Cette décision favorise M. Cunha, député évangélique et ultra conservateur, qui a accepté en décembre de lancer, à la demande de l'opposition, une procédure de destitution contre la dirigeante de gauche pour maquillage des comptes publics.
C'est M. Cunha qui a présidé dimanche la séance plénière où les députés ont voté pour la destitution de Mme Rousseff et transmis la procédure au Sénat, qui aura le dernier mot.
La décision du bureau de l'Assemblée stipule que la commission d'éthique devra se limiter à analyser l'accusation initiale d'"irrespect à la déontologie parlementaire" contre M. Cunha, qui a menti à la commission parlementaire d'enquête (CPI) sur le scandale Petrobras en 2015, en disant qu'il ne possédait pas de comptes bancaires à l'étranger.
La vaste enquête sur le scandale Petrobras a montré toutefois que M. Cunha possède bien des comptes en Suisse qui auraient été approvisionnés par des pots-de-vin provenant du réseau de corruption monté au sein de la compagnie pétrolière, à hauteur de 5 millions de dollars.

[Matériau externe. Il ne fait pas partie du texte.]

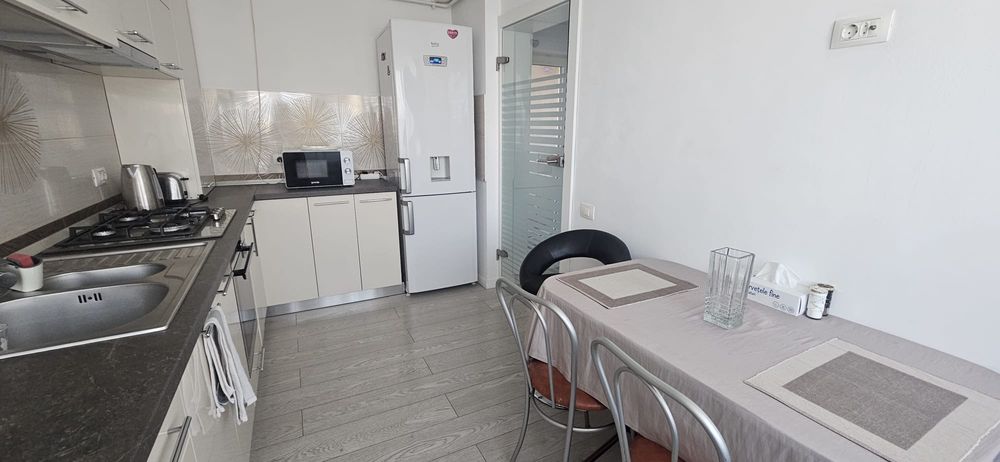 Apartament 2 camere de închiriat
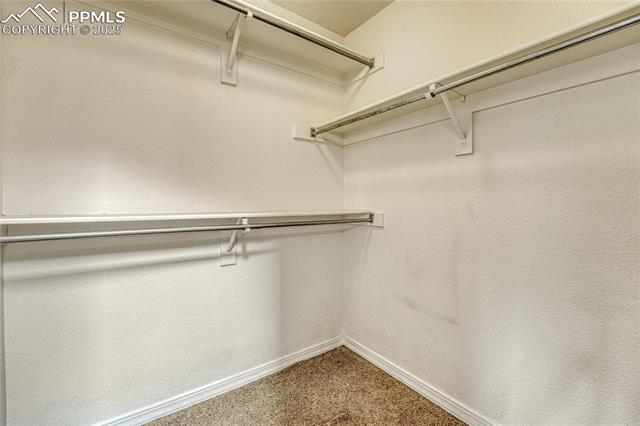 3275 Chestnut Glen Lane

La procédure traîne déjà depuis cinq mois mais M. Cunha est parvenu par plusieurs subterfuges à paralyser les débats de la commission d'éthique sur la cassation de son mandat.
Le parquet l'a pourtant déjà mis en examen pour corruption et blanchiment d'argent, et le 3 mars, la Cour suprême a décidé d'ouvrir un procès contre lui sans en fixer la date.
Le troisième personnage de l'Etat brésilien est devenu ainsi le premier homme politique protégé par son immunité parlementaire à comparaître devant la Cour suprême dans le cadre du scandale de corruption Petrobras, qui a coûté plus de deux milliards de dollars à cette compagnie pétrolière publique.
Au Brésil, la Cour suprême est la seule institution à pouvoir juger les responsables politiques qui jouissent d'une immunité.